Given that we see something similar looking to our case study on many services and that it's difficult to push performance fixes to a lot of services (because service owners aren't really incentivized to take performance improvements), what can we do to address this problem across the fleet and just on a few handpicked large services? We're going to look at a list of potential solutions and then discuss each one in more detail, below.

Better defaults for cross-fleet threadpools (eventbus, netty, etc.)
Negotiating ThreadPool sizes via a shared library
CFS period tuning
CFS bandwidth slice tuning
Other scheduler tunings
CPU pinning and isolation
Overprovision at the mesos scheduler level

Better defaults for cross-fleet threadpools

Potential impact: some small gains in efficiency
Advantages: much less work than any comprehensive solution, can be done in parallel with more comprehensive solutions and will still yield some benefit (due to reduced lock contention and context switches) if other solutions are in place.
Downsides: doesn't solve most of the problem.

Many defaults are too large. Netty default threadpool size is 2x the reserved cores. In some parts of [an org], they use a library that spins up eventbus and allocates a threadpool that's 2x the number of logical cores on the host (resulting in [over 100] eventbus threads) when 1-2 threads is sufficient for most of their eventbus use cases.

Adjusting these default sizes won't fix the problem, but it will reduce the impact of the problem and this should be much less work than the solutions below, so this can be done while we work on a more comprehensive solution.

Negotiating ThreadPool sizes via a shared library (API)

[this section was written by Vladimir Kostyukov]

Potential impact: can mostly mitigate the problem for most services.
Advantages: quite straightforward to design and implement; possible to make it first-class in Finagle/Finatra.
Downsides: Requires service-owners to opt-in explicitly (adopt a new API for constructing thread-pools).

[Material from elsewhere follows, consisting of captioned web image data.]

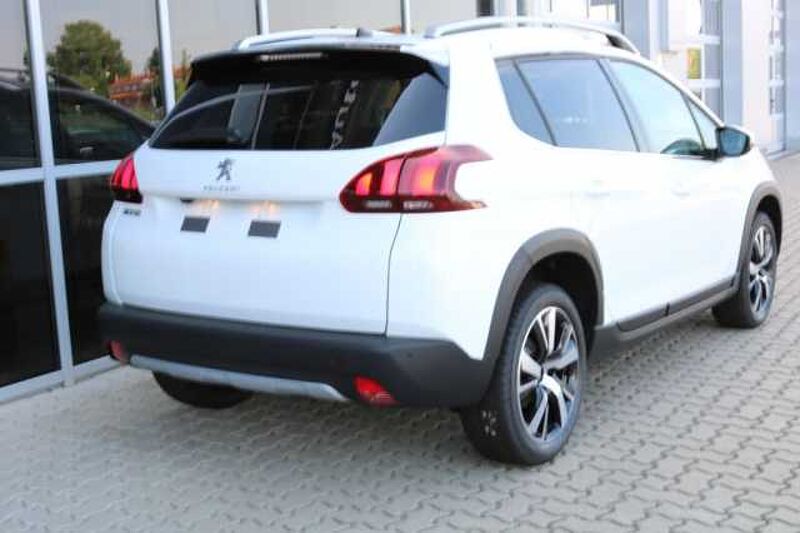 Peugeot 2008 Allure 110 Navi, Panorama, Ganzjahresreifen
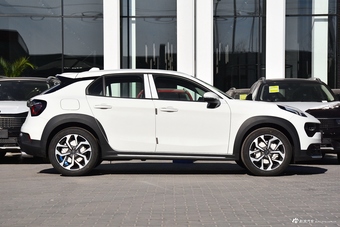 2018款领克02 1.5T自动两驱劲版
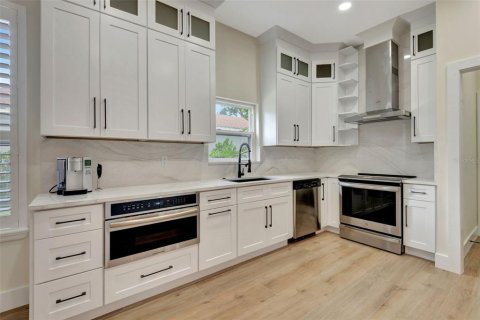 House in Bradenton, Florida 3 bedrooms, 177.54 sq.m. № 1800403 - photo 13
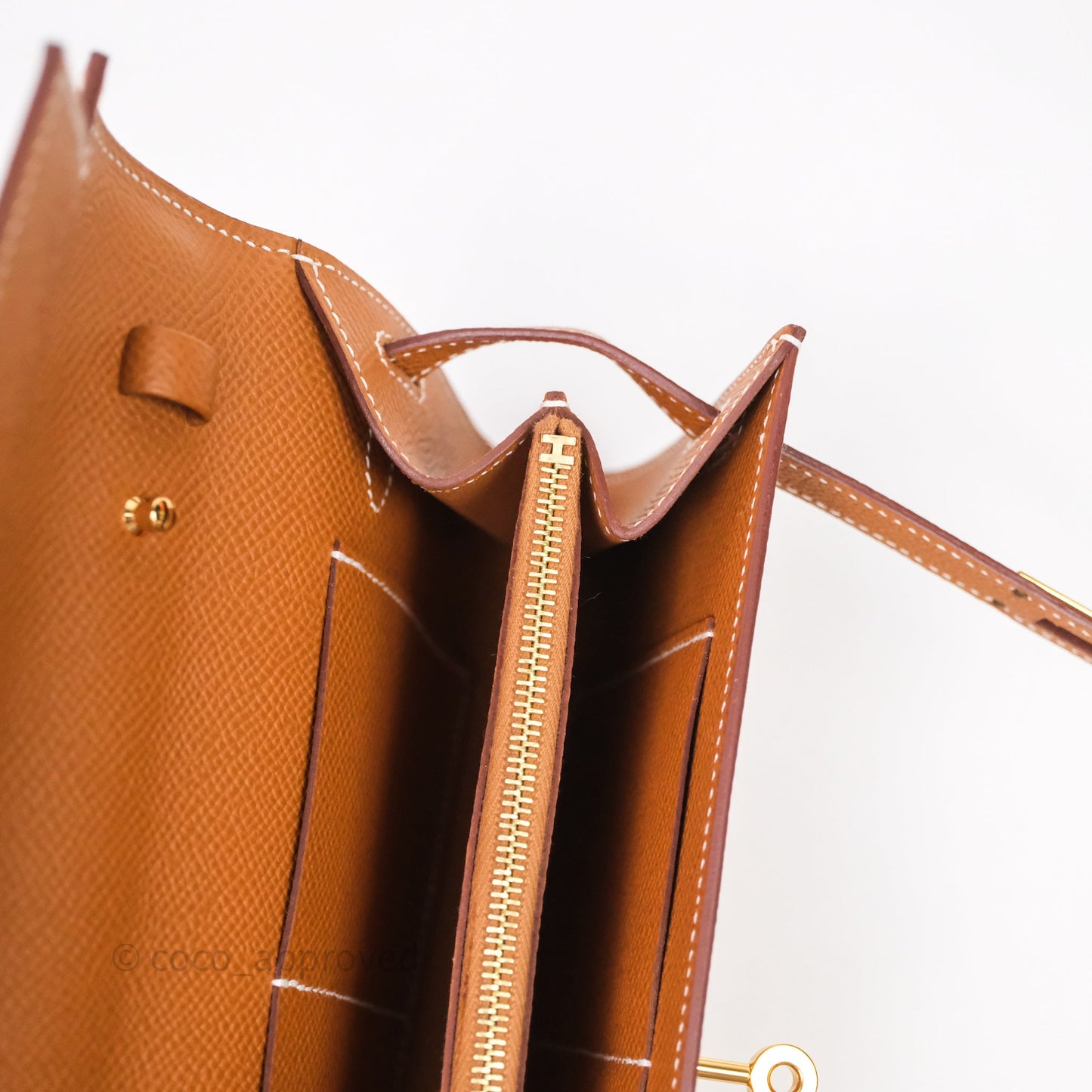 Hermès Kelly To Go Wallet Gold 37 Epsom Gold Hardware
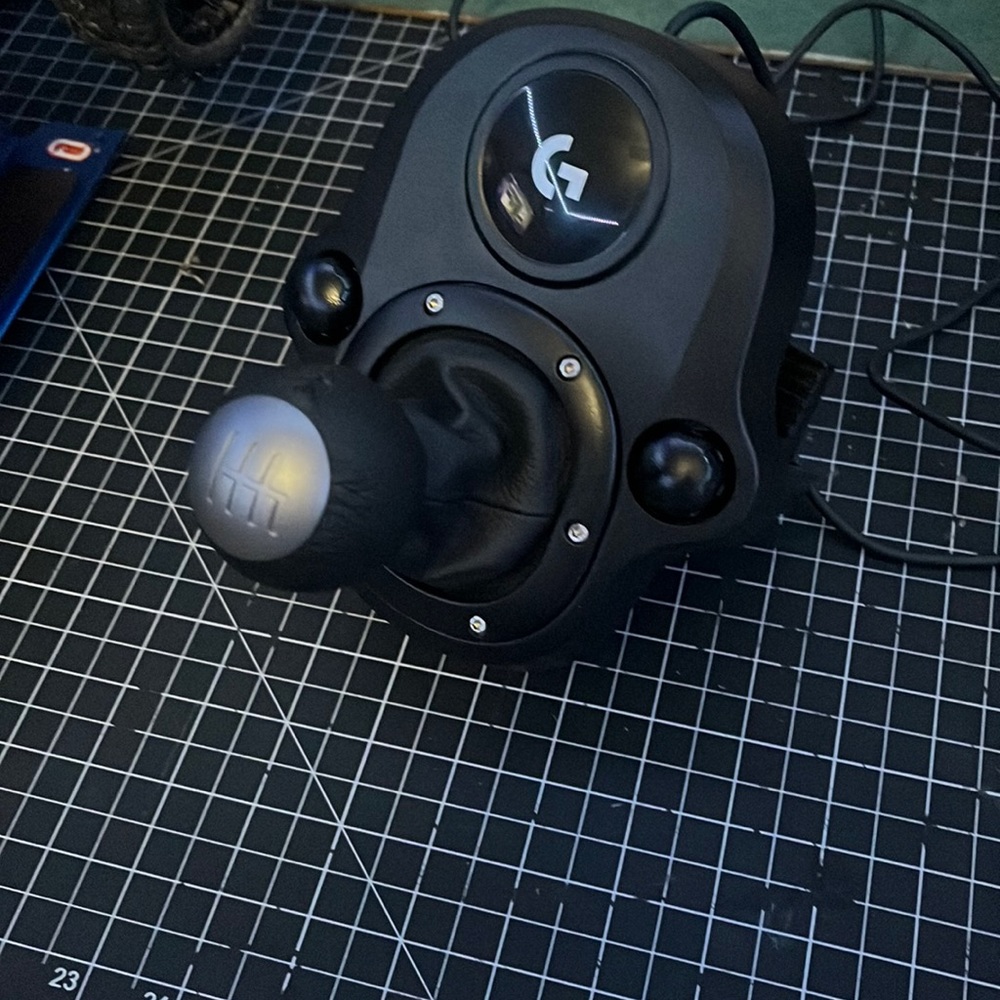Unused manual shifter for gaming consoles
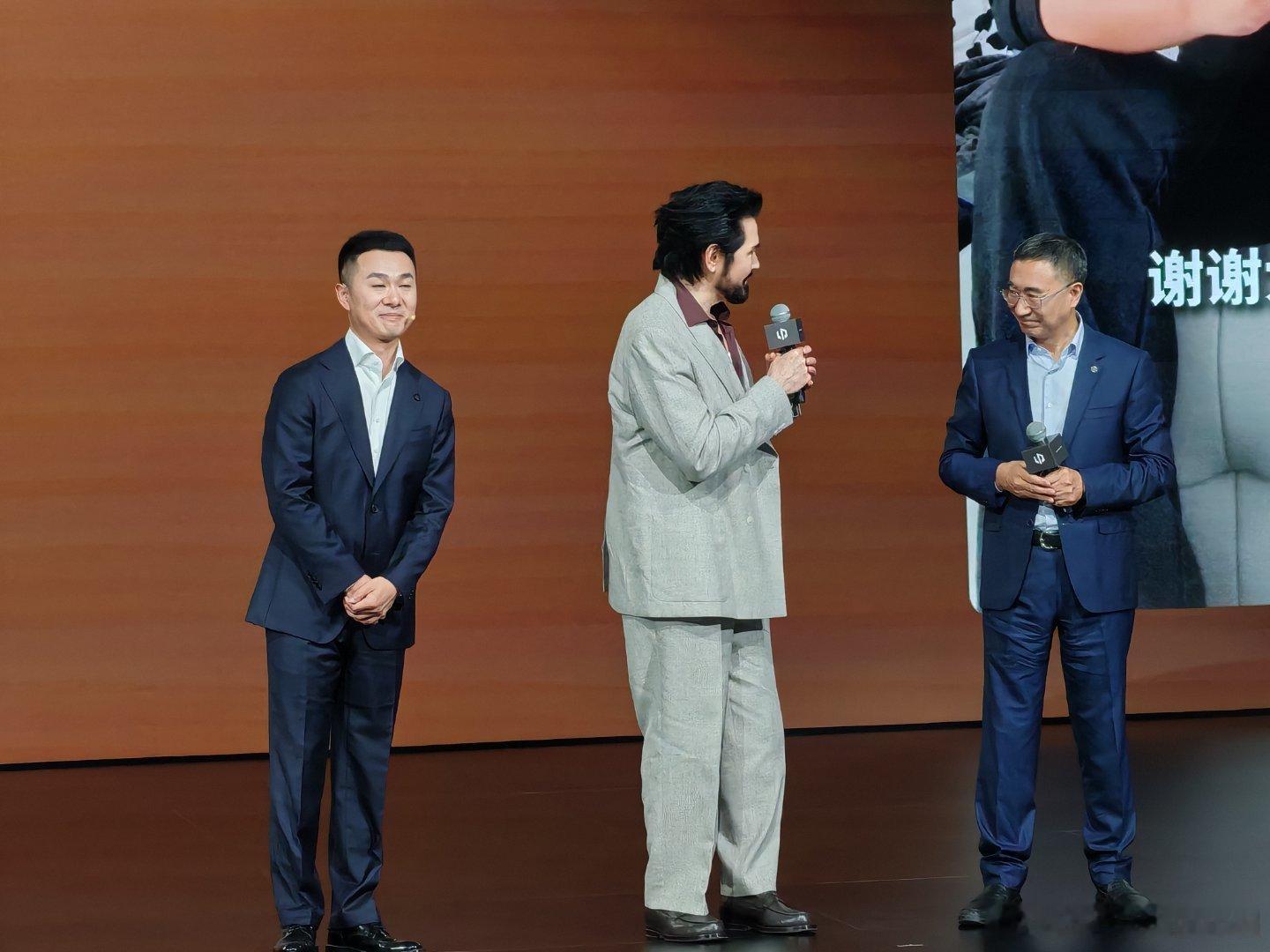 真旗舰，真豪华！零跑D19正式上市！官方指导价21.98-26.98万元即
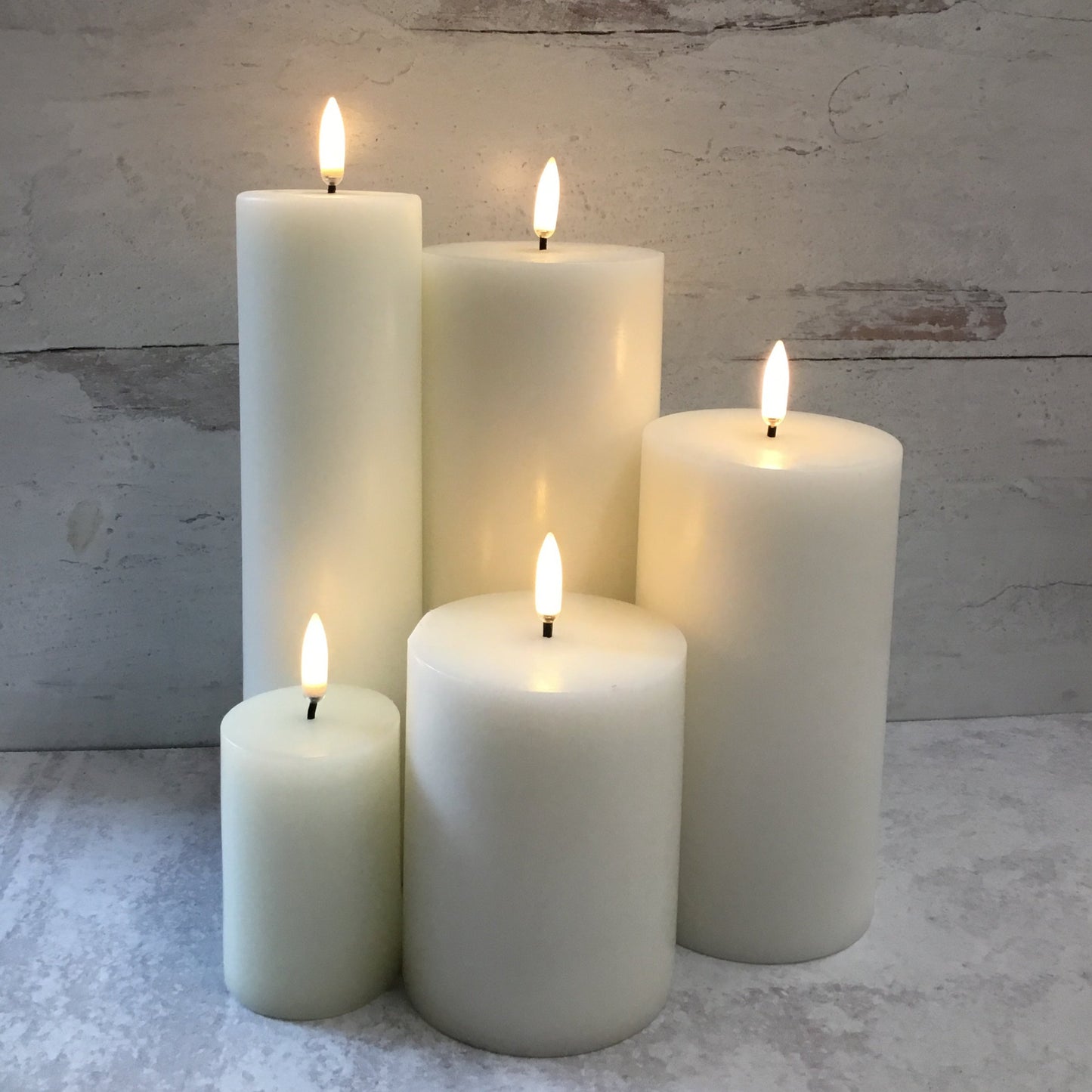 Nordic White Flame Candle | Uyuni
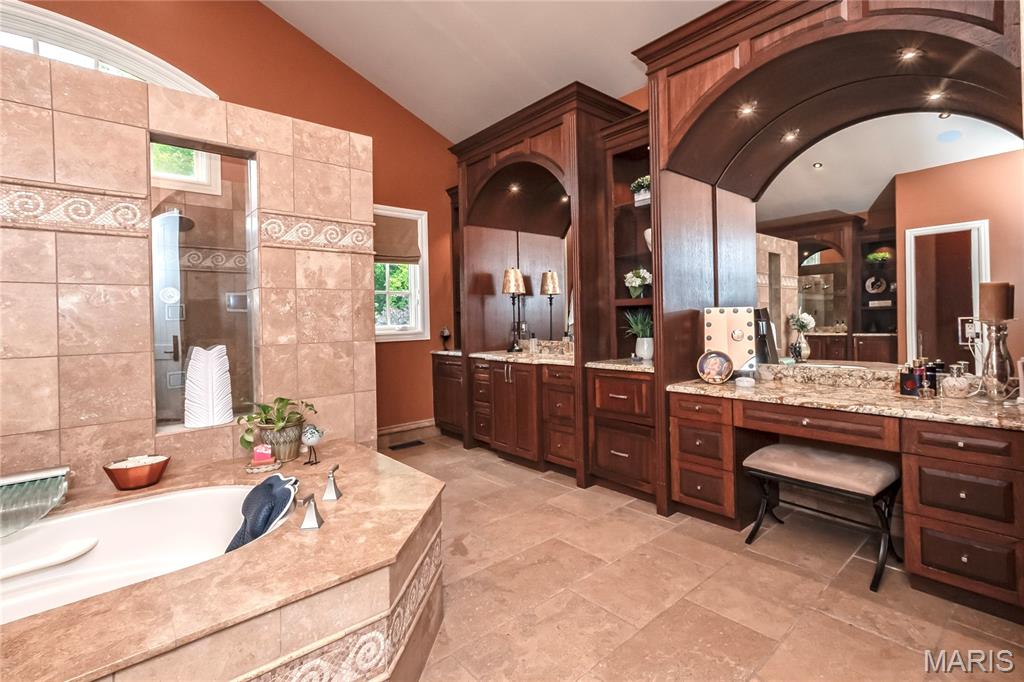 Lynchburg Estates - Farm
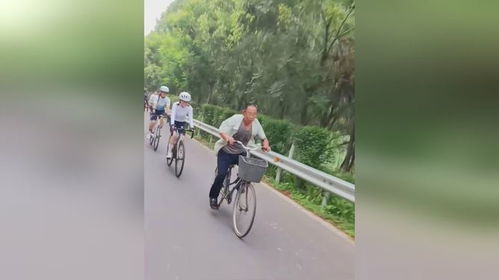 老年暴走团竟逼停救护车！背后真相令人深思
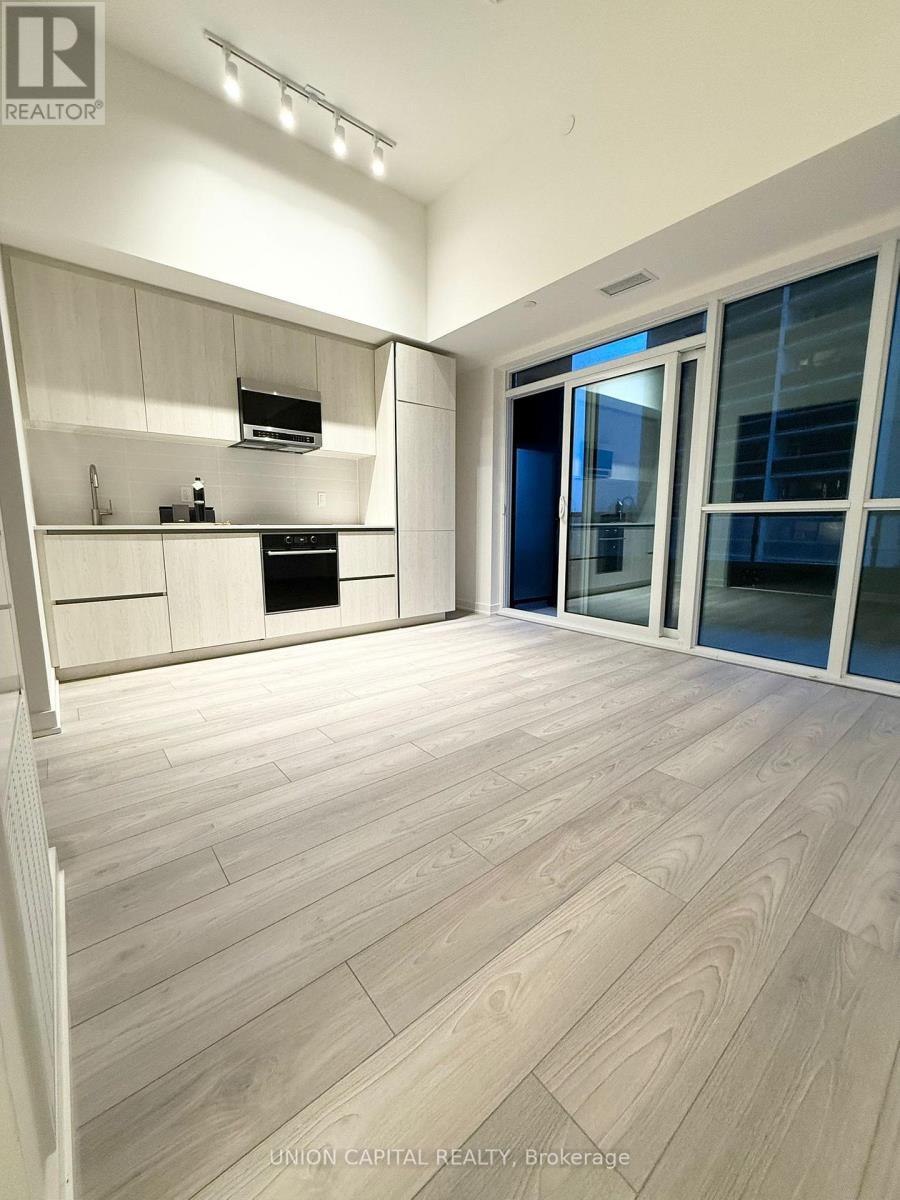 402 - 120 Broadway Avenue, Toronto, ON - Indoor Photo Showing Kitchen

CSL’s util library has a package that bridges in some integration points between an application and a JVM (util-jvm), which could be a good place to host a new API for negotiating the sizes of the thread pools required by the application.

The look and feel of such API is effectively dictated by how granular the negotiation is needed to be. Simply contending on a total number of allowed threads allocated per process, while being easy to implement, doesn’t allow distinguishing between application and IO threads. Introducing a notion of QoS for threads in the thread pool (i.e., “IO thread; can not block”, “App thread; can block”), on the other hand, could make the negotiation fine grained.

CFS Period Tuning

Potential impact: small reduction tail latencies by shrinking the length of the time period before the process group’s CFS runtime quota is refreshed.
Advantages: relatively straightforward change requiring few minimal changes.
Downsides: comes at increased scheduler overhead costs that may offset the benefits and does not address the core issue of parallelism exhausting quota. May result in more total throttling.

To limit CPU usage, CFS operates over a time window known as the CFS period. Processes in a scheduling group take time from the CFS quota assigned to the cgroup and this quota is consumed over the cfs_period_us in CFS bandwidth slices. By shrinking the CFS period, the worst case time between quota exhaustion causing throttling and the process group being able to run again is reduced proportionately. Taking the default values of a CFS bandwidth slice of 5ms and CFS period of 100ms, in the worst case, a highly parallel application could exhaust all of its quota in the first bandwidth slice leaving 95ms of throttled time before any thread could be scheduled again.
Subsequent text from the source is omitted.